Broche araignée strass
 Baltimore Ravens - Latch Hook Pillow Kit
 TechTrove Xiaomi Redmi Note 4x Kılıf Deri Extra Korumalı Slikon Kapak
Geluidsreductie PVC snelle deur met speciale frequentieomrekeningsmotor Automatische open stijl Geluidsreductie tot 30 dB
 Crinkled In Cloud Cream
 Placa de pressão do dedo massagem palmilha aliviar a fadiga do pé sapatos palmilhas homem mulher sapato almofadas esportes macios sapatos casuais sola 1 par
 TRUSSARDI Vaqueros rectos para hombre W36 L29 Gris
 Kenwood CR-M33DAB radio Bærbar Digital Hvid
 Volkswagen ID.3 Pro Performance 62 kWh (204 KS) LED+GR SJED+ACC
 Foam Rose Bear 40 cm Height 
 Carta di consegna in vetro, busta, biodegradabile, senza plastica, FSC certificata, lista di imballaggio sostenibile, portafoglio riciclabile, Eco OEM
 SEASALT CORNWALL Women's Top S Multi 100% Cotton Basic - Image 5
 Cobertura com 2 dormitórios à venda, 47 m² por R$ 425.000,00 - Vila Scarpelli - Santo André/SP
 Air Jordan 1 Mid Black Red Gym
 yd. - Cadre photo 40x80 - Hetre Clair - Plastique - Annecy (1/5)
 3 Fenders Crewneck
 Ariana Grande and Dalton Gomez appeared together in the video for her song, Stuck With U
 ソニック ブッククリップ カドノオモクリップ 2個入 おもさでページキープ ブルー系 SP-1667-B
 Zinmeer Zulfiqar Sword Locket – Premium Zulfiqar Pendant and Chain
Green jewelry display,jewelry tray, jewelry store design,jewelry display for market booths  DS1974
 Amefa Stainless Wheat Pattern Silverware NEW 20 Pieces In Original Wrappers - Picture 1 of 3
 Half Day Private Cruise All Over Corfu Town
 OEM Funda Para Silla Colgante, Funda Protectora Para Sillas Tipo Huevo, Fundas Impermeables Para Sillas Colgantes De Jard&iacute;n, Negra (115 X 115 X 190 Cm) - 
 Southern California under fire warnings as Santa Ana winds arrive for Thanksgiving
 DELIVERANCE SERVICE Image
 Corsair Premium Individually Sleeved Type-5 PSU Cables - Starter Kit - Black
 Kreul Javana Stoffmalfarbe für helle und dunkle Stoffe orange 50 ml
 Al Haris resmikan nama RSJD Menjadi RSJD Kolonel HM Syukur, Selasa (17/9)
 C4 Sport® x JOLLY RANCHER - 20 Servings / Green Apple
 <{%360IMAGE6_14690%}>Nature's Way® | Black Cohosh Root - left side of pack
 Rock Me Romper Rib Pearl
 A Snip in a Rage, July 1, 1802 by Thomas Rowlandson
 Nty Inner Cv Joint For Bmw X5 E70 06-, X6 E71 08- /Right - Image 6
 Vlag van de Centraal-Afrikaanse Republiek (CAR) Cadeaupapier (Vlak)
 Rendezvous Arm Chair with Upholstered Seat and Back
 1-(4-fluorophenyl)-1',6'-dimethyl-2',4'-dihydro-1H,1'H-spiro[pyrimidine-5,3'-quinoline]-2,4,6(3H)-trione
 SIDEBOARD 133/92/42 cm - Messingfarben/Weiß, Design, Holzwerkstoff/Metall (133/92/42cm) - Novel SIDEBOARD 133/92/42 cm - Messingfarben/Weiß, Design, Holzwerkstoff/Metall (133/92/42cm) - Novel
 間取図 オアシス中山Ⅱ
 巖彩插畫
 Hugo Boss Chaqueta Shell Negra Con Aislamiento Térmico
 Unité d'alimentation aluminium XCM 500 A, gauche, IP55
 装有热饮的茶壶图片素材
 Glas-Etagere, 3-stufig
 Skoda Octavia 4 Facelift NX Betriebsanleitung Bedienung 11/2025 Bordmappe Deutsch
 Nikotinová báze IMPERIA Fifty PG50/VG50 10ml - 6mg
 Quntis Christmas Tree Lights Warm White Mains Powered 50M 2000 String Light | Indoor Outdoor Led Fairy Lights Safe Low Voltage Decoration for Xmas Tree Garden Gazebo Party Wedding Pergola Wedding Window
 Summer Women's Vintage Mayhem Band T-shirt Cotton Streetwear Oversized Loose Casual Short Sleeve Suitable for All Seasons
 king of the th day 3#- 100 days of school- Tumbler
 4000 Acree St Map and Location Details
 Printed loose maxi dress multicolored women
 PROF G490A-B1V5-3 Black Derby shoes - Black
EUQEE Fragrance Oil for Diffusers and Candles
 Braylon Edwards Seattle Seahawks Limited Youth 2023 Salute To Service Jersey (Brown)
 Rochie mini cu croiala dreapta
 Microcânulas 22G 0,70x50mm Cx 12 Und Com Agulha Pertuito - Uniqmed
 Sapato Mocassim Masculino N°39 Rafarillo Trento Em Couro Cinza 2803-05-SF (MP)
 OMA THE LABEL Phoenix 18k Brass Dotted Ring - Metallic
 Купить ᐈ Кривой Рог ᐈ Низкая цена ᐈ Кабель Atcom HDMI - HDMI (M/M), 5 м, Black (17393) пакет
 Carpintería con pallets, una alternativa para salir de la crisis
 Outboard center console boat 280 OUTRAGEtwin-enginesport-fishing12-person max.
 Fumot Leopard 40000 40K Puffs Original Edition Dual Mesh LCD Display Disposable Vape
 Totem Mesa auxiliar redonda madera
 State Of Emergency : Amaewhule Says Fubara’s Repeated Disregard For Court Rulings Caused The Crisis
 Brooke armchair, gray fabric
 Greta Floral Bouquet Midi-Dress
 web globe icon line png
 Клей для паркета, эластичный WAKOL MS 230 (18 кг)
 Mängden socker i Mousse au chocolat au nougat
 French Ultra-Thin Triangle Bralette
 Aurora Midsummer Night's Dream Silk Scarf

▸ **Your task**:
Lines holding the word "Premium" are the answer; copy every one from the records above.

▸ **Response area**:
 Zinmeer Zulfiqar Sword Locket – Premium Zulfiqar Pendant and Chain
 Corsair Premium Individually Sleeved Type-5 PSU Cables - Starter Kit - Black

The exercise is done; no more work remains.